Nas últimas décadas, entretanto, a luta das mulheres começou a dar resultado. Conquistaram a igualdade, levam grande vantagem nos indicadores educacionais, progressivamente tomam conta dos melhores empregos e dos cargos de chefia. Curiosamente, os homens ofereceram muito pouca resistência. É como se estivessem cansados de lutar não contra elas, mas contra sua própria essência. As ruínas do machismo exacerbam a violência contra a mulher, pois o machista já não reconhece mais o mundo que conheceu. No entanto, em um mundo onde receber as ordens de uma mulher torna-se não apenas natural, mas a regra, a chamada memória genética desperta com força devastadora.
Sempre esteve no interior de cada homem a semente latente da submissão a uma mulher. Esta semente aflorava nas fantasias entre quatro paredes, mas, submetidos ao turbilhão de emoções e sensações que é estar novamente subordinado a uma fêmea, o desejo da submissão ganha a esfera pública. Neste processo os homens encontram apenas a sua essência, a ordem natural da sociedade humana, que é matriarcal, assim como em primatas próximos a nós, como os bonobos, os “macacos feministas”. A ciência encontra, na seriedade e na imparcialidade de alguns estudos, a certeza de que, assim como as antigas sociedades matriarcais já sabiam, a mulher é mais inteligente, mais madura, organizada, responsável e social e psicologicamente mais equilibrada. Neste início do século XXI, cada vez mais homens assumem sua derrota na guerra dos sexos, jogam as armas no chão e se entregam não às mulheres, mas a sua própria natureza.
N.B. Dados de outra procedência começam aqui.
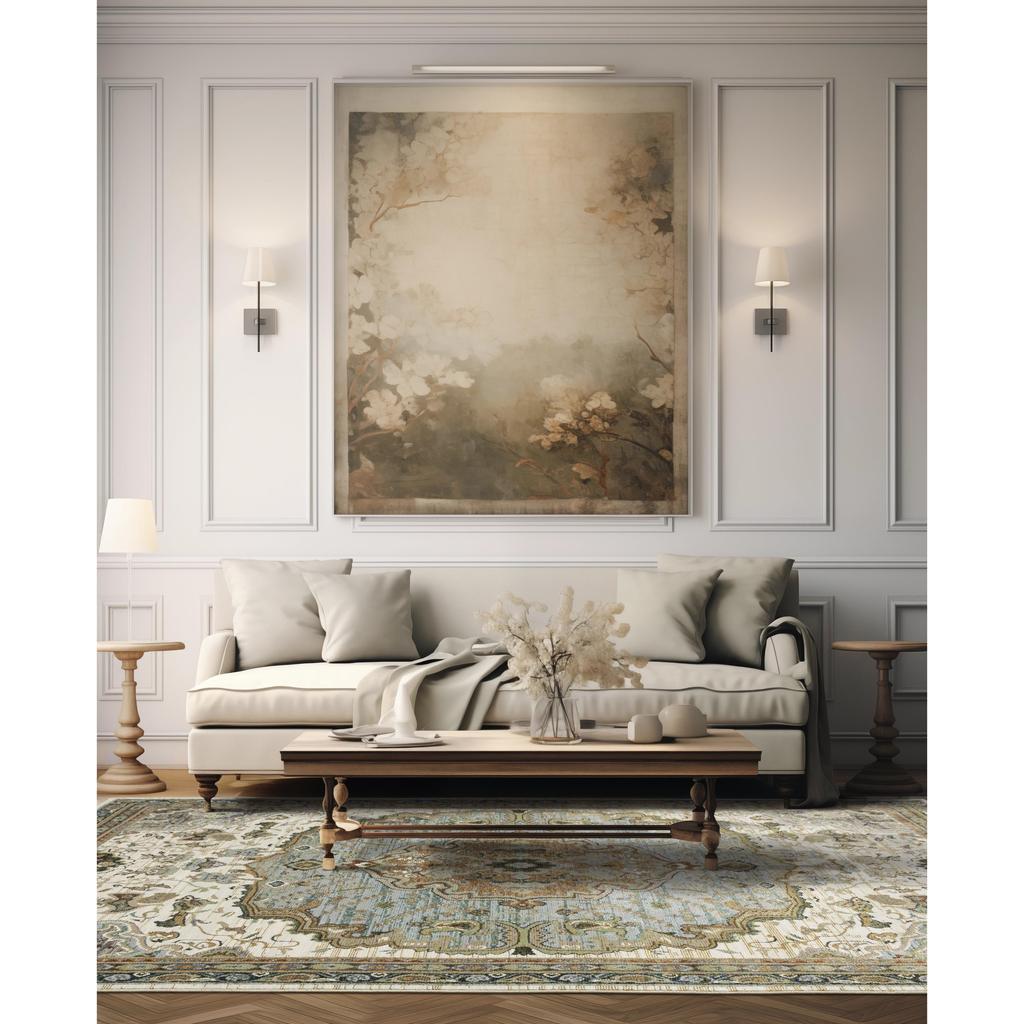 Oriental Weavers Andorra 2451B Ivory Rectangle Indoor Area Rug Oriental Pattern-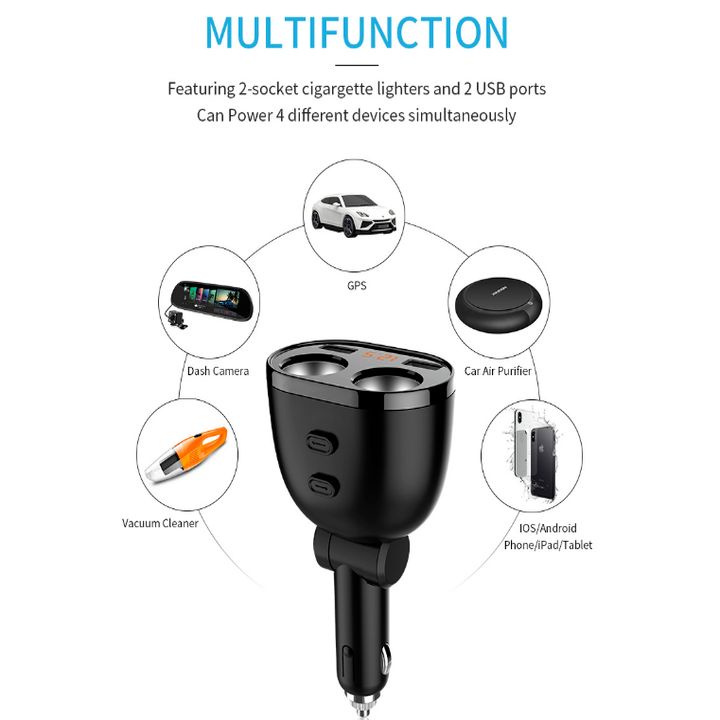 Bộ chia tẩu sạc Hyundai HY-16 tích hợp 2 tẩu và 2 cổng sạc USB, 120W, 3.1A, Hyundai car charger HY-16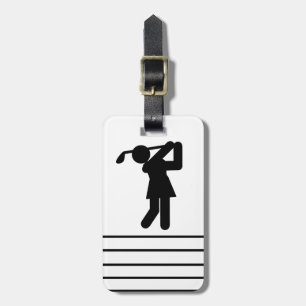 Étiquette À Bagage Symbole de golf - Femme Golfing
Enquanto alguns ainda resistem de forma violenta, muitos já perceberam sua inferioridade em relação às mulheres. Muitos ainda possuem vergonha de admitir, ou ainda não venceram o orgulho machista. O fetiche, então, é uma forma de colocar pra fora seus desejos reprimidos, a vida que a vergonha impede de se tornar concreta. Ali, submetendo-se a uma mulher, seu verdadeiro “eu” é externado, ganhando forças para a vida diária. Uma válvula de escape psicológica para seus instintos. Outros já admitem, além do fetiche, sua própria inferioridade em relação a mulher, fazendo da sociedade matriarcal o objetivo para se alcançar um futuro promissor de paz e felicidade. Homens como Montagu, antropólogo que, sem receio e enfrentando a fúria machista, escreveu em 1952 a “superioridade natural da mulher”. Homens como o citado William Bond e seus vários livros sobre a sociedade matriarcal. Homens de verdade, que não lutam contra a realidade e aceitam seu lugar.